Indiana Jones and the Dial of Destiny


This review may contain spoilers.

The first hour of 'Dial of Destiny' is pretty meh. Then it picks up the pace, introduces classic 'Indiana Jones' tropes (creepy animals, dank caves), gets good mileage out of the MacGuffin, and finishes things off nicely with a perfect ending. Along the route, there are a few fun quips by Phoebe Waller-Bridge, some terrible action scenes, some excellent action scenes, great musical cues (thank you for the music, maestro Williams. Go and enjoy your well-earned retirement!), a Wilhelm Scream, a sadly underused Antonio Banderas, and a tear shed by Indiana Jones himself. That's a first for the series, and the reason is genuinely touching, even unsettling.

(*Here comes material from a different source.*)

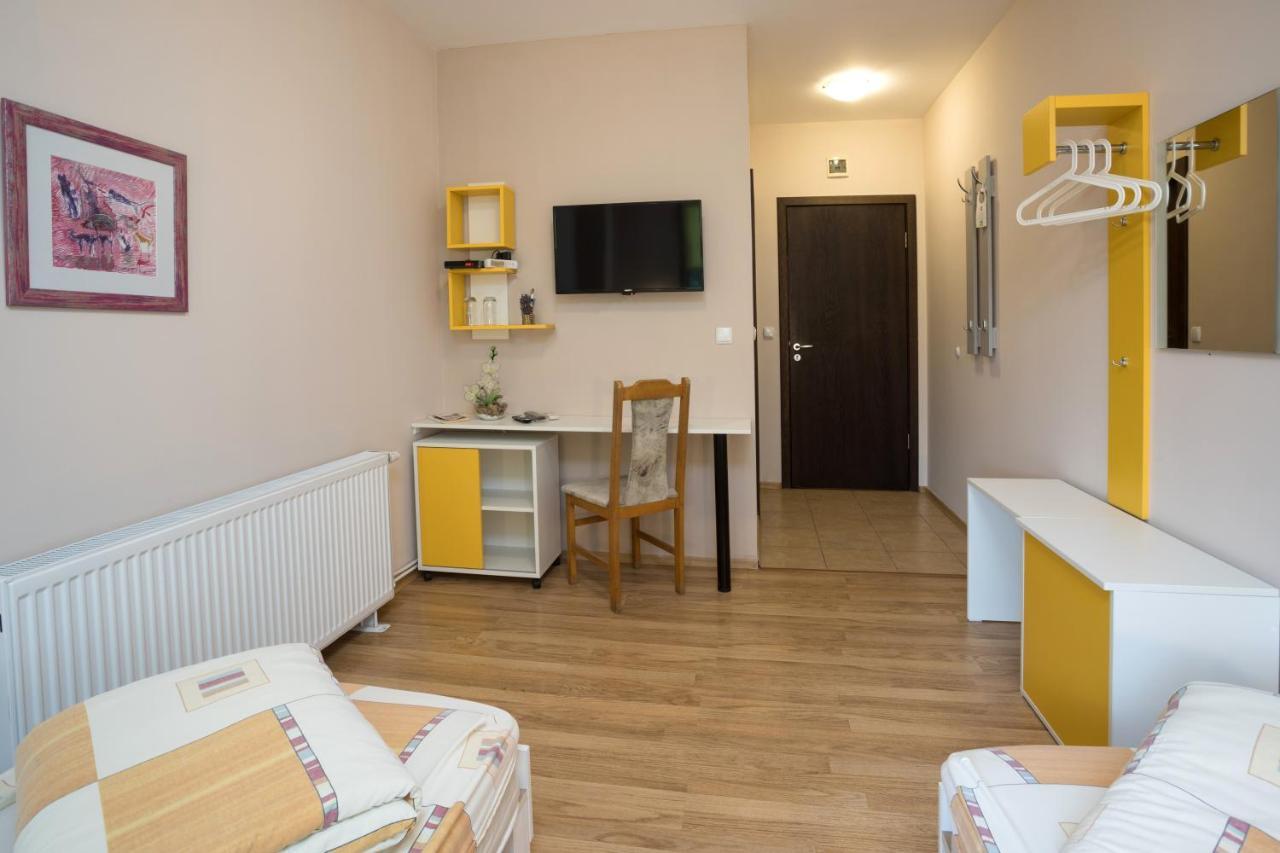 Hanovete Hotel Pliska Zewnętrze zdjęcie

James Mangold's 'Walk the Line' is a masterpiece. 'Dial of Destiny' isn't, but it is made with sincere, obvious love for the franchise. It never resorts to cheap tricks or hollow manipulations. You could however remove Ethann Isidore from the movie, and lose nothing of value. That's not a diss to Mr. Isidore, who is a fine actor. The character just adds next to nothing to the story.

Mads Mikkelsen is amazing as always, and the de-aging used to recreate a 1940s Indy is stupendously effective. It's quite evident how proud the wizards at Lucasfilm and ILM are, because there's a solid 20+ minutes of digital Harrison Ford. Compare this to, say, the few seconds of Leia in 'Rogue One', and you can see how the tech has improved.

I can't believe we'll never get another new 'Indiana Jones' movie - a series that has been so good to us for the past 42 years. I will miss that fictional character. I don't want him to go away, but here we are.

Take a deep bow and a tip of the hat to the fedora. If adventure has a name, it was, is and will always be 'Indiana Jones'.